--- Raw data Enclosed Below ---
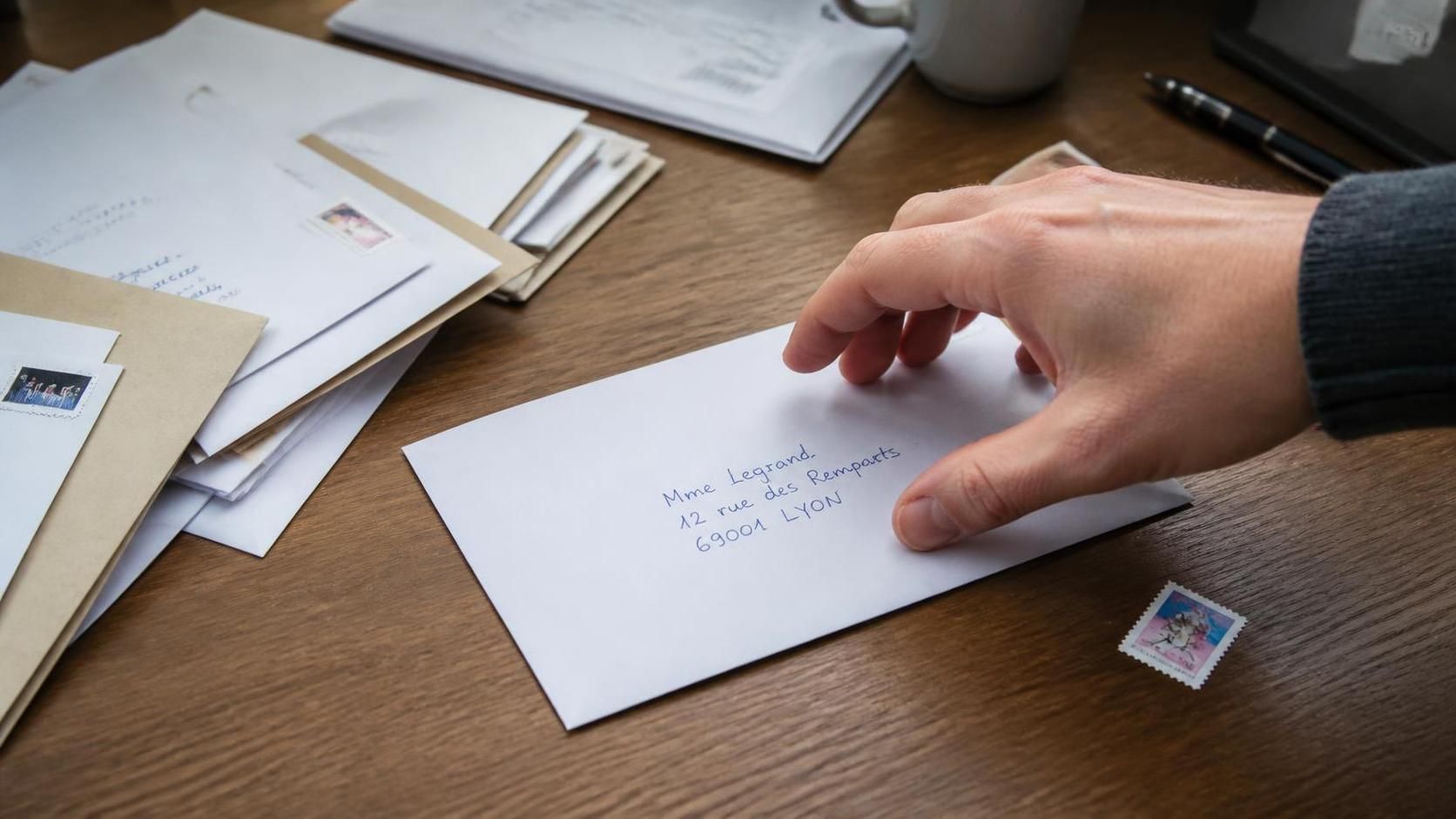 découvrez tout ce qu’il faut savoir avant d’envoyer une enveloppe sans timbre, les alternatives possibles et les conseils pour un envoi réussi.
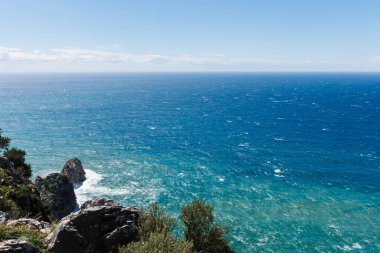 Akdeniz kıyılarının manzarası ve dalgalar Alanya kıyılarındaki kayalara çarpıyor.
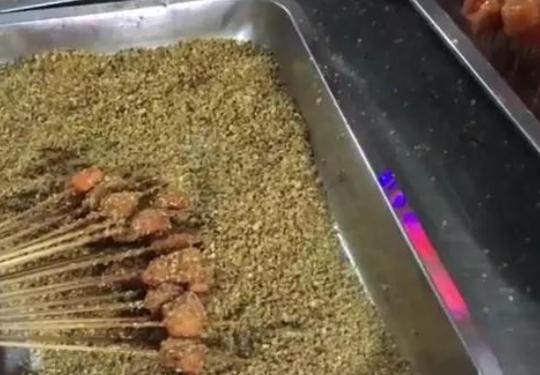 年轻小伙夜市摆摊卖“烤串”，4元一串，生意火爆，赚到盆满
--- End of Enclosed Raw data ---
▸ **Your task**
Please repeat the data above exactly as it appears, pictures excluded.

▸ **Solved exercise**
 découvrez tout ce qu’il faut savoir avant d’envoyer une enveloppe sans timbre, les alternatives possibles et les conseils pour un envoi réussi.
 Akdeniz kıyılarının manzarası ve dalgalar Alanya kıyılarındaki kayalara çarpıyor.
 年轻小伙夜市摆摊卖“烤串”，4元一串，生意火爆，赚到盆满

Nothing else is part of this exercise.